樵夫是无意间听到的棚中有人在说话:
“不要听他那张嘴, 大凡长个后脚跟儿都能想明白的事儿, 以前咱们赚钱时, 是住洋房, 搂婊子, 大家有福共享, 现在他得了老爷器重, 他就想什么好事都他一人独吞, 出力不讨好的事儿让咱哥俩干!他想的美! 哼! 让咱哥儿俩给他背屎盆子, 这屎盆子可不是一般的屎盆子, 你想想吧!”一个声音说。

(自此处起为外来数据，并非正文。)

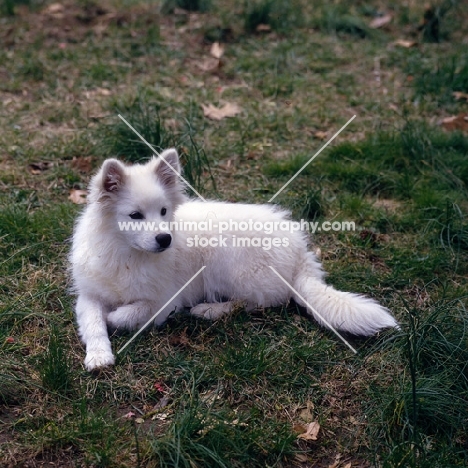 american eskimo dog laying on grass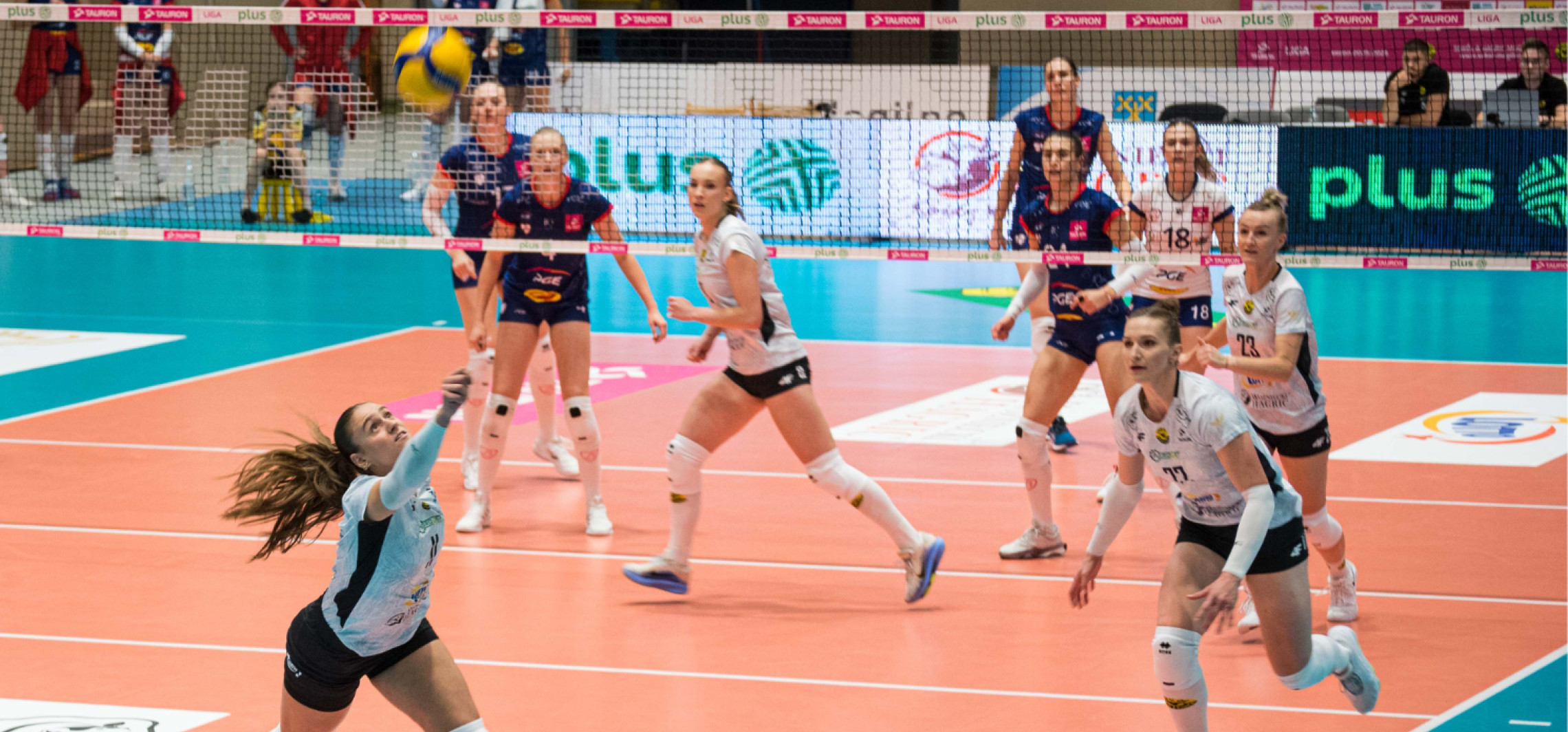 W Mogilnie ruszyła Tauron Liga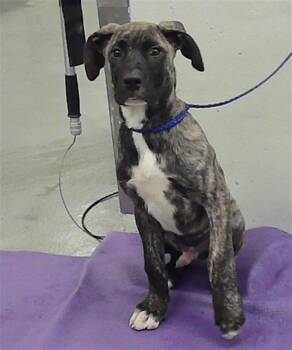 Labrador Retriever Dogs Available for Adoption in Houston, Texas - A2069664 | PetCurious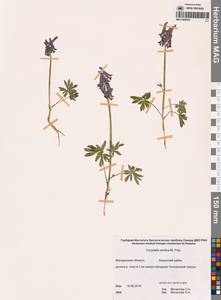 Corydalis arctica Popov, Siberia, Chukotka & Kamchatka (S7) (Russia)
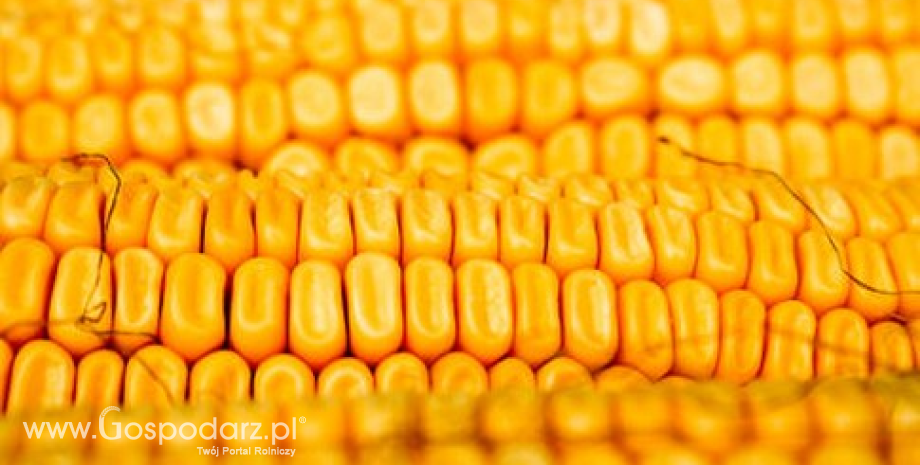 Trendy w światowym eksporcie kukurydzy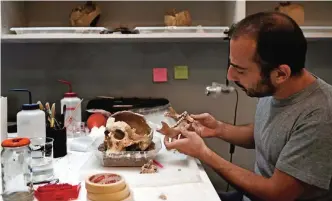  ??  ?? A conservato­r of archeologi­cal works on a human skull in a lab at the American School of Archeology in Athens.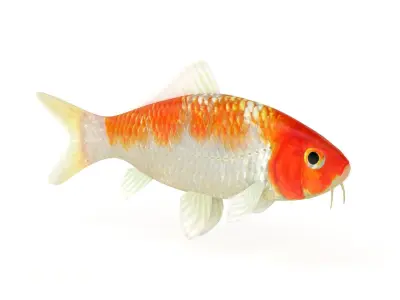 Koi Fish 3D model get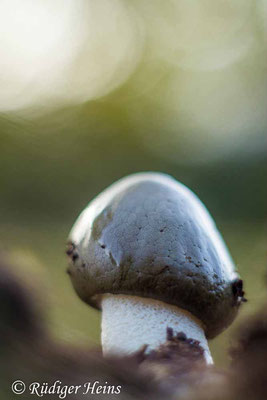 Gemeine Stinkmorchel (Phallus impudicus), 23.10.2023 - Rokkor 50mm f/1.7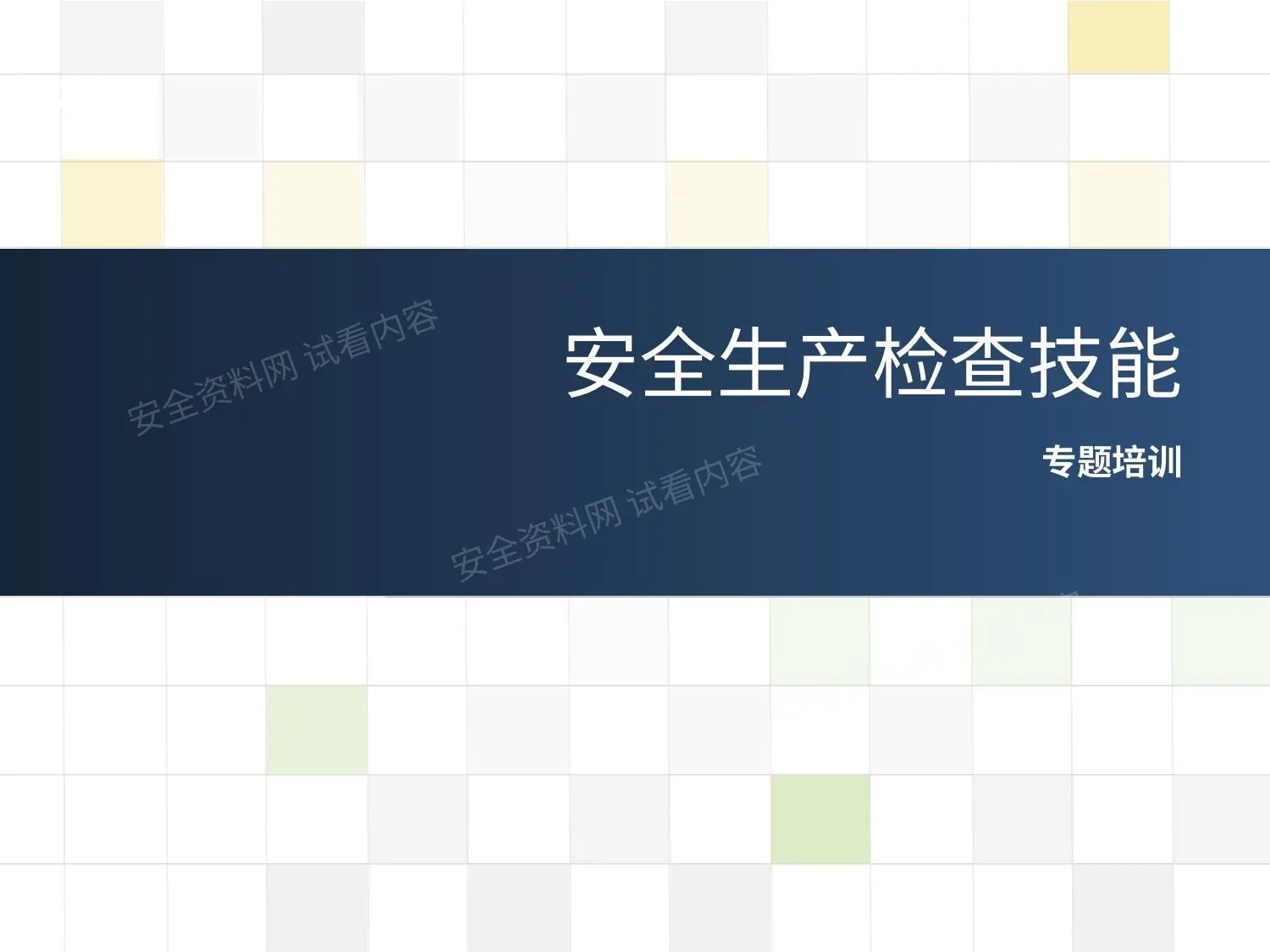 安全生产检查技能专项培训 第 1 页预览
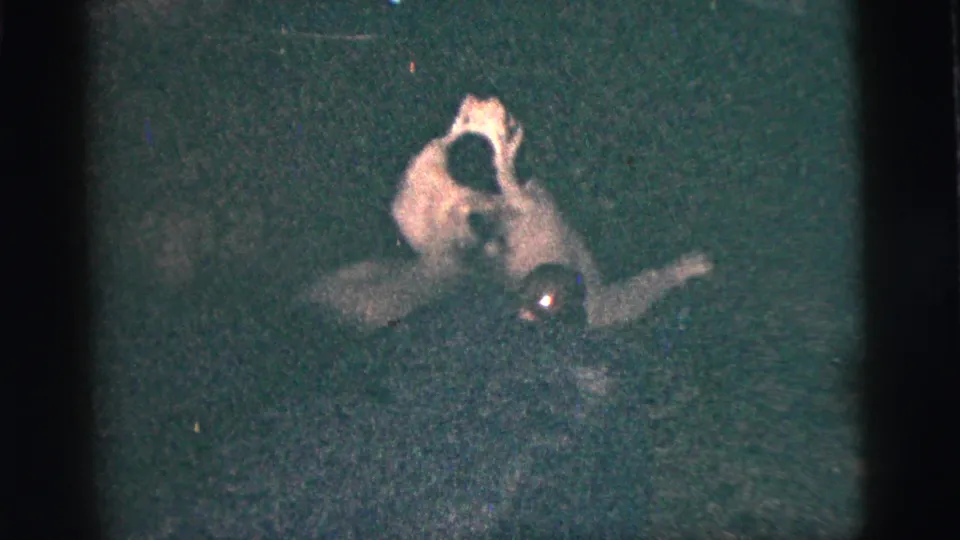 Small dog with dark markings appears to play on the carpet near a hand or object in 1956 New York City home footage.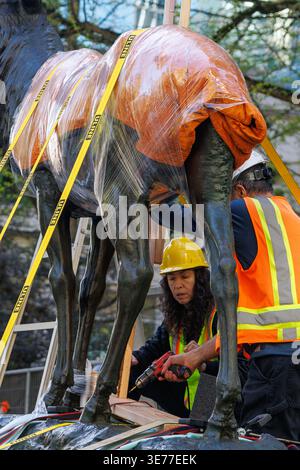 Portland, USA. April 2026. PORTLAND, OREGON, USA – 9. April 2026: Die Thompson Elk, eine 6.800 Pfund schwere Bronzestatue im Zentrum von Portland, wurde heute auf ihrem Sockel ersetzt, nachdem sie 2020 während der Black Lives Matter Proteste zur Verwahrung entfernt worden war. The Elk, ein Wahrzeichen an der Main Street in Portland, war ein Geschenk des ehemaligen Bürgermeisters David Thompson im Jahr 1900. (Foto: John Rudoff/SIPA USA) Credit: SIPA USA/Alamy Live News Stockfoto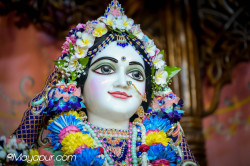 Daily Darshan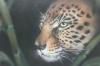 leopardo by  Lucyartdesi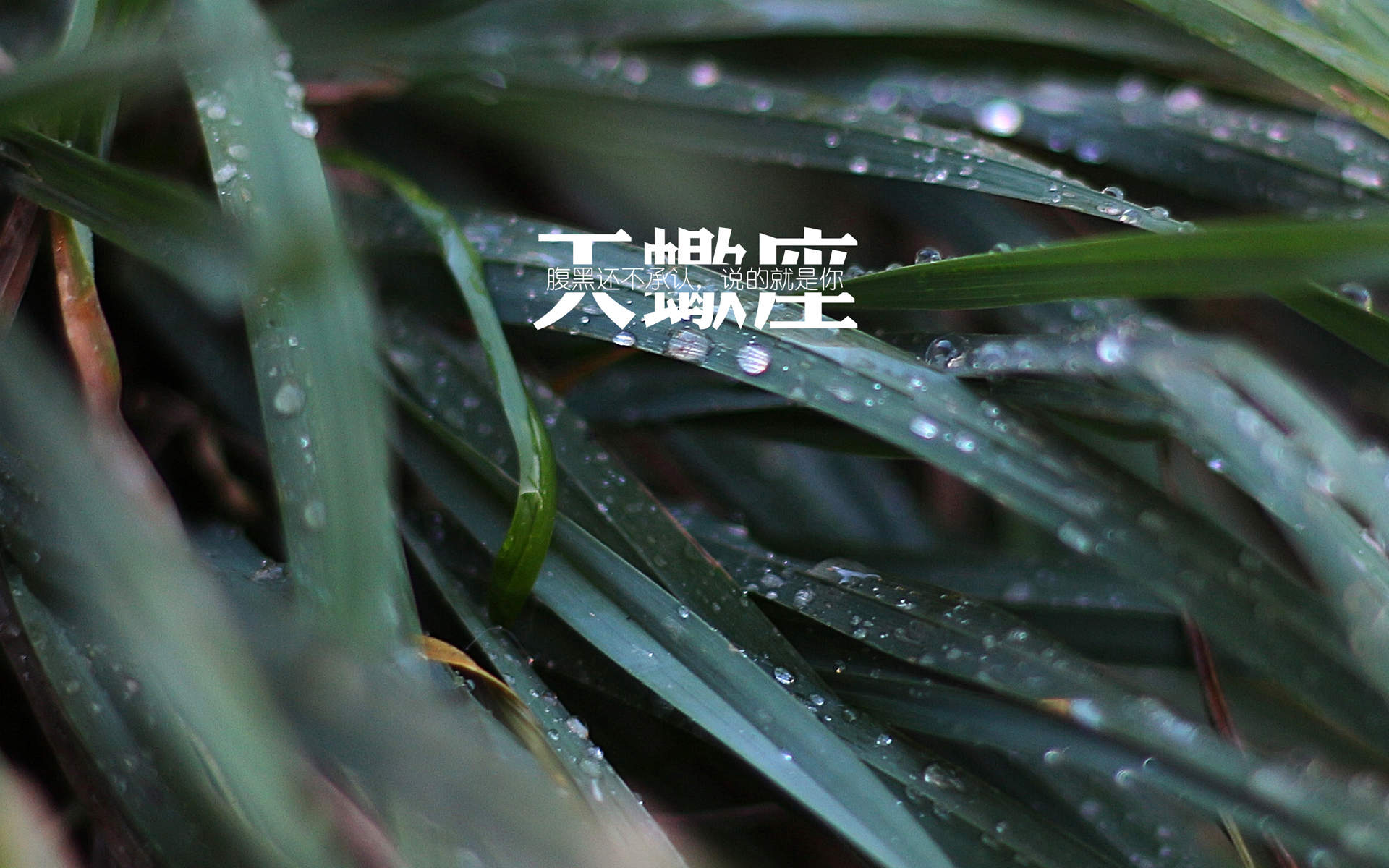 天蝎座图片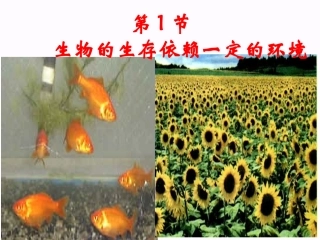 生物：第23章第1节_生物的生存依赖一定的环境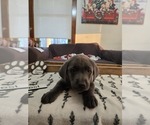 Puppy Forrest Labrador Retriever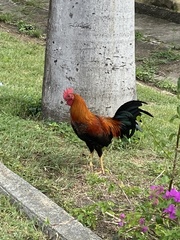 Gallus gallus domesticus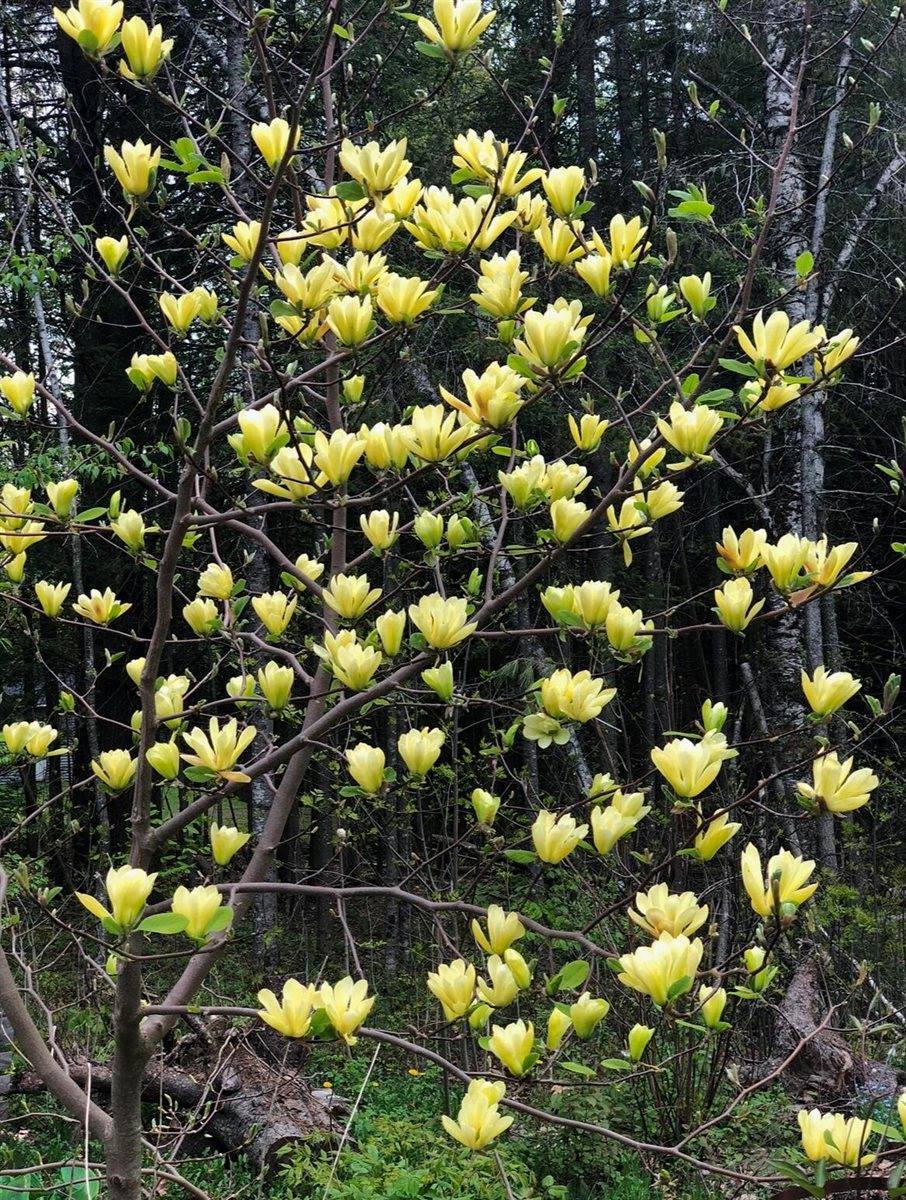 41 Leavitt Lane, Glenburn, ME 04401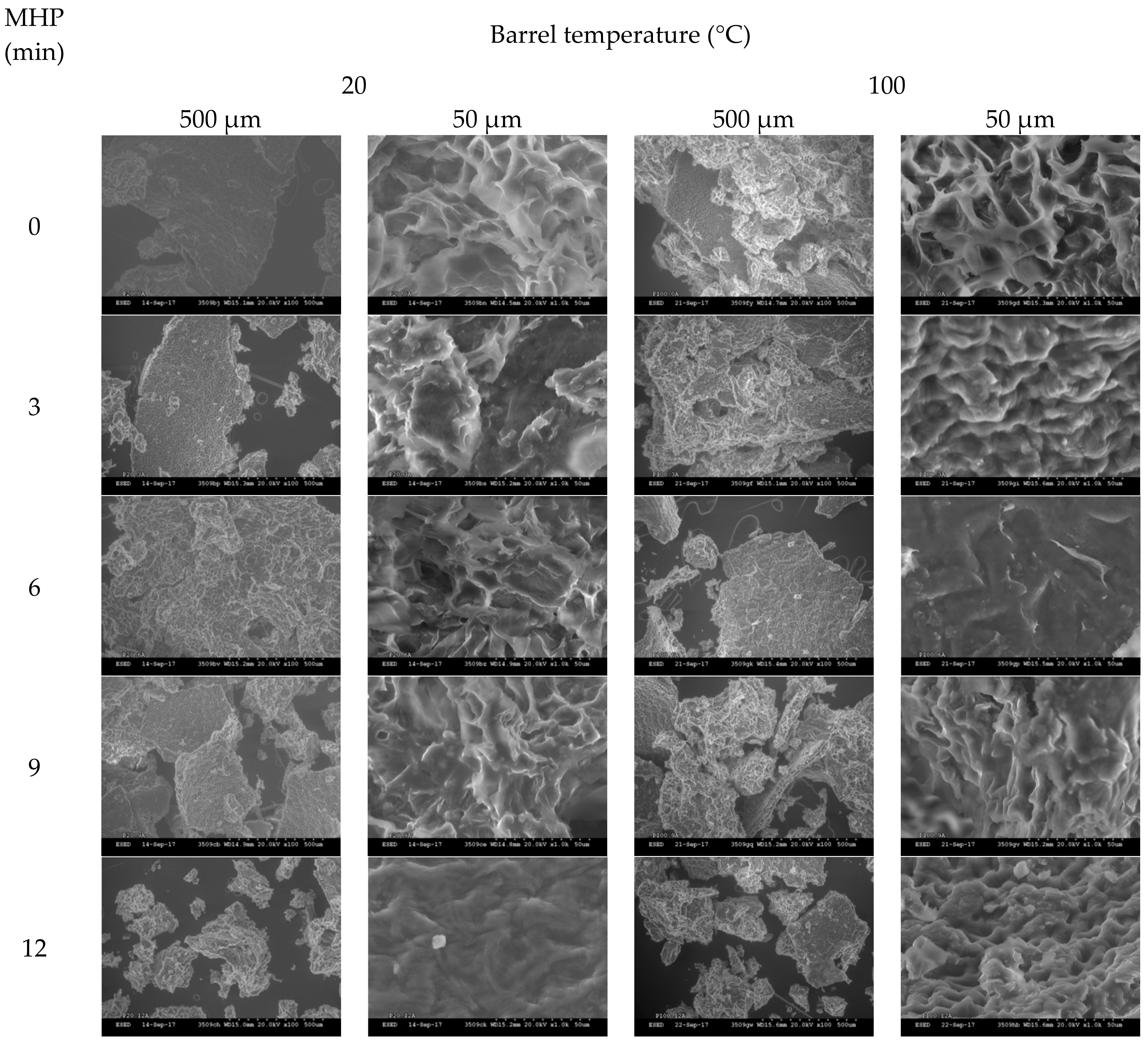 Animals 08 00147 g0a5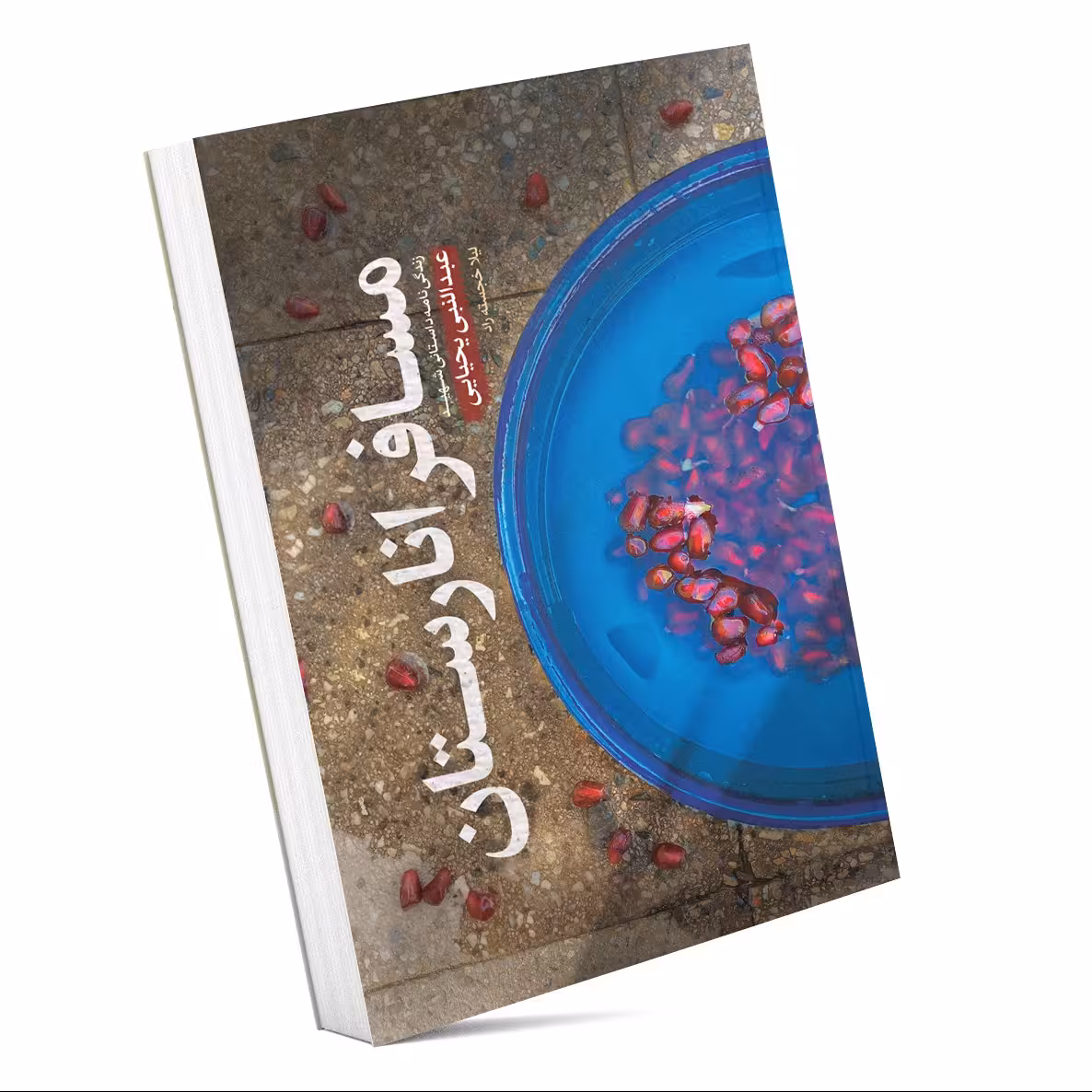 کتاب مسافر انارستان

“这事儿要是干了!闹不好可是要掉脑袋的啊!”另一个声音回应着。
“是啊!完事儿后,他不会将来给咱们也灭了口吧!”
“那可是说不准!他是什么事都干得出来的!”、
“可不干又不行!他的命令谁敢不为!如果咱们不干,他也是会宰了咱们俩的!这可一样是要掉脑袋的!”
过了一会儿, 一个声音颤抖地说:“要不就按他的意思,除了那人?”
“除了那人!你说得轻巧!一条人命啊,老弟!”
“不杀他,我们也要死!杀了他,我们也要死!不过..你说的也有理, 我想想…让我想想… 除了他, 我们现看情况,不行就跑!他奶奶的, 活该他倒霉! ”那人发狠道。
“这个咱们俩还得从长合计!”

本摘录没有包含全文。